Maybe a small improvement is the redacted value could be of the form
`XXX1...1000` meaning XXX followed by a rand number from 1 to 1000:
XXX54, XXX998, XXX456,... Some randomness would prevent some apps
flattening all rows to a single XXX'ed one, giving a more realistic
redacted data distribution/structure.
I am not sure either about it's value, as that would still break any key
or other cross-referencing.
My 2cts.
On 22/8/22 1:30, Andrés de la Peña wrote:
> If the column names are the same for masked and unmasked data, it would
impact
existing applications. I am curious what the transition plan look
like for applications that expect unmasked data?
For example, let’s say you store SSNs and Birth dates. Upon
enabling this feature, let’s say the app user is not given the
UNMASK permission. Now the app is receiving masked values for
these columns. This is fine for most read only applications.
However, a lot of times these columns may be used as primary keys
or part of primary keys in other tables. This would break existing
applications.
How would this work in mixed mode when ew nodes in the cluster
are masking data and others aren’t? How would it impact the driver?
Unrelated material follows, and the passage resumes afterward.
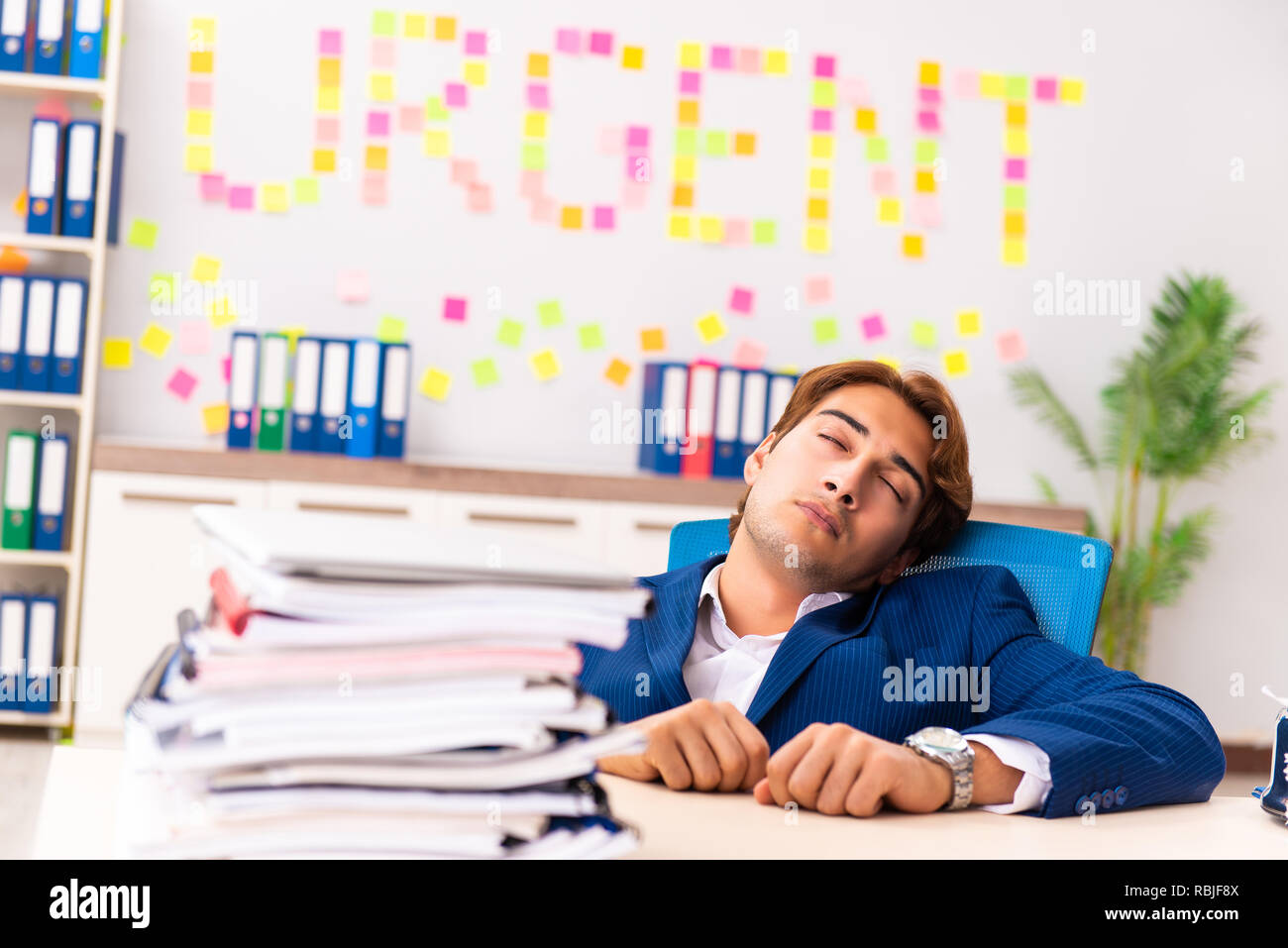 Young employee suffering from excessive work Stock Photo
How would the application learn that the column values are masked?
This is important in case a user has UNMASK permission and then
later taken away. Again this would break a lot of applications.
Changing the masking of a column is a schema change, and as such it
can be risky for existing applications. However, differently to
deleting a column or revoking a SELECT permission, suddenly activating
masking might pass undetected for existing applications.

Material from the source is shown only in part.